Adopting AI-powered developer tools like GitHub Copilot and ChatGPT is a challenging yet rewarding journey that requires time, experimentation, and a shift in how developers approach their workflows. This post explores why these tools are hard to learn, how they disrupt traditional flow states, and offers practical advice for integrating them effectively into day-to-day coding.
I’m continuing to explore the ever-evolving world of AI-developer tools and how the craft of software development is changing in response. If you’ve not taken the plunge - picked up Copilot or tried coding with ChatGPT - I would encourage you to give it a go. These tools are here to stay and there is no better time to get started.

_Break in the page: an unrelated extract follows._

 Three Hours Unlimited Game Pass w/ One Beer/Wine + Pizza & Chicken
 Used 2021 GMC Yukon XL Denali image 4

For now, ignore the vibe coders, and the toolmaker claims of improved productivity. Put expectations to one side and simply treat it as a learning experience. I can guarantee that your initial experiences will be frustrating and confusing. The goal of this blog post is to give you some insight into why this journey is going to be challenging but also give you the reassurance that it is a journey worth taking.
Why AI Dev Tools Are Hard to Learn
These tools are tremendously powerful, but are surprisingly difficult to adopt, for a number of reasons, which I’ll delve into in some detail. But keeping it brief, the headlines are:
-
They have unclear capabilities – their features and functions they perform are somewhat unclear. And worse still, their strengths and weaknesses are even more unclear.
-
They are an entirely new tool - they are not simply a better version of a tool you are currently familiar which will certainly make them feel a little alien at first.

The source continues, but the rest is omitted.